Contrat de mariage ! ô jabot de notaire !
Tu sentiras trembler ton âme dans ta voix,
Quand, tes prénoms signés, ta lèvre avec mystère,
Fera chanter ce oui sur un air de ton choix.

C’est soit le contrat de mariage, soit le jabot de notaire qui sent trembler son âme et dont la lèvre fera chanter ce oui ! Quel contrat, et surtout quel jabot !

N’en déplaise à M. Marmette, son jeune protégé n’a pas le moindre sentiment de la vraie poésie. Un véritable poëte ne saurait écrire, en face de la mort, des vers comme ceux-ci :

C’est demain que tu pars, c’est demain qu’un archange
Sous son aile, en passant, va venir te chercher.

Remarquez bien que la personne dont il s’agit est déjà morte et qu’elle va être enterrée le lendemain. Ce n’est donc pas l’âme, mais le corps que l’archange emportera sous son aile.

Et plus loin, dans la même pièce devers on trouve la profanation suivante :

On chantera pour toi quelque chose à l’église ;
Peut-être les adieux que tu chantais un soir.

Il faut être incapable de comprendre la musique et la poésie, il faut être insensible aux beautés de notre culte, pour qualifier de quelque chose la messe de requiem, le Dies iræ, le Libera, ces chants sublimes et touchants à la fois qui font verser des larmes à tout homme qui croit à l’immortalité de l’âme.

M. Évanturel rabaisse tout ce qu’il touche. Il lui est impossible de concevoir une pensée noble et élevée.

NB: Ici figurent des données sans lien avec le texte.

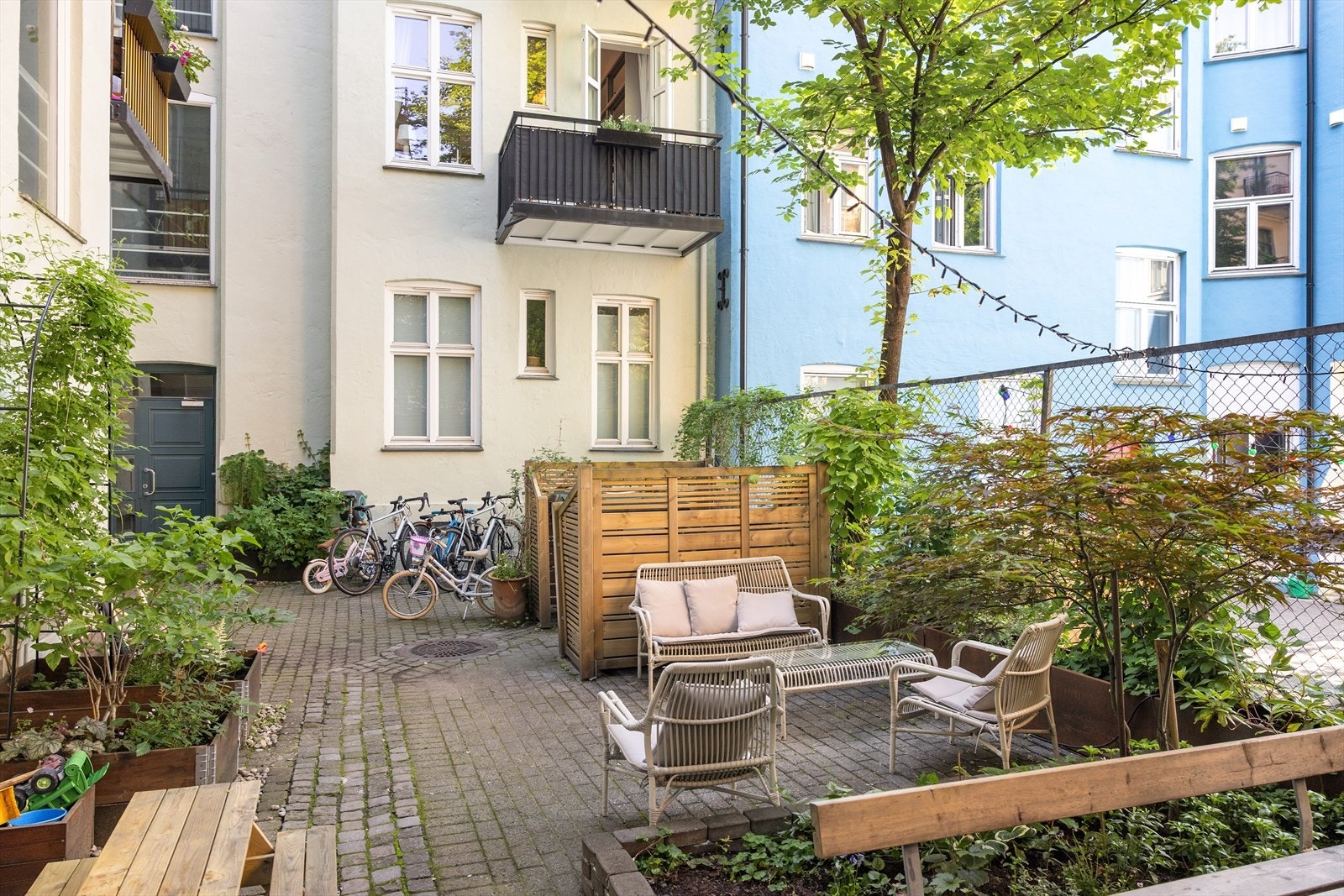 Her er det flere sittegrupper og sykkelparkering Galleribilde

Elle mourut, la pauvre femme,
Dieu se fit apporter son âme,
Sur les ailes d’une chanson,

Cette pensée est aussi révoltante que ridicule ; ce n’est pas ainsi que les poëtes parlent de l’âme.

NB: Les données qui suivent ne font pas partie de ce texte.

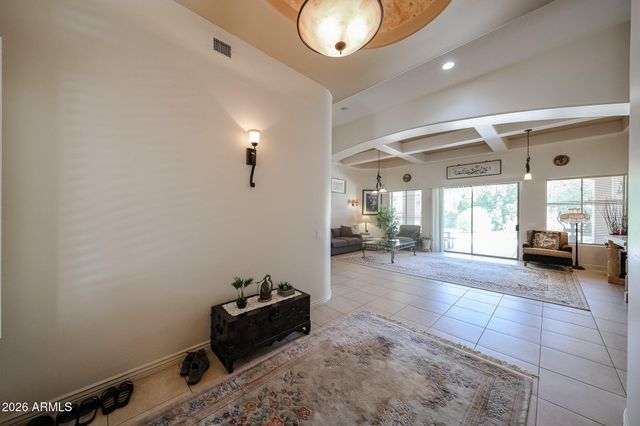 925 E Valencia Drive, Phoenix, AZ 85042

Mais pourquoi continuer plus longtemps nos recherches ? Nous ne trouverons dans ce recueil que de la « mauvaise prose dans laquelle les vers se sont mis, » pour me servir de l’expression d’un homme d’esprit.

M. Marmette, M. Legendre, le Journal de Québec et le Mercury auront beau faire, ils ne réussiront pas à empêcher les Premières Poésies de tomber à plat. On dira de ce prétendu poëte ce qu’un satirique français a dit de l’auteur d’une mauvaise pièce de théâtre :

…Il ne fut pas sifflé,

Non pas même sifflé ; ce fut la chute morne,
De l’ennuyeux parfait devant l’ennui sans borne.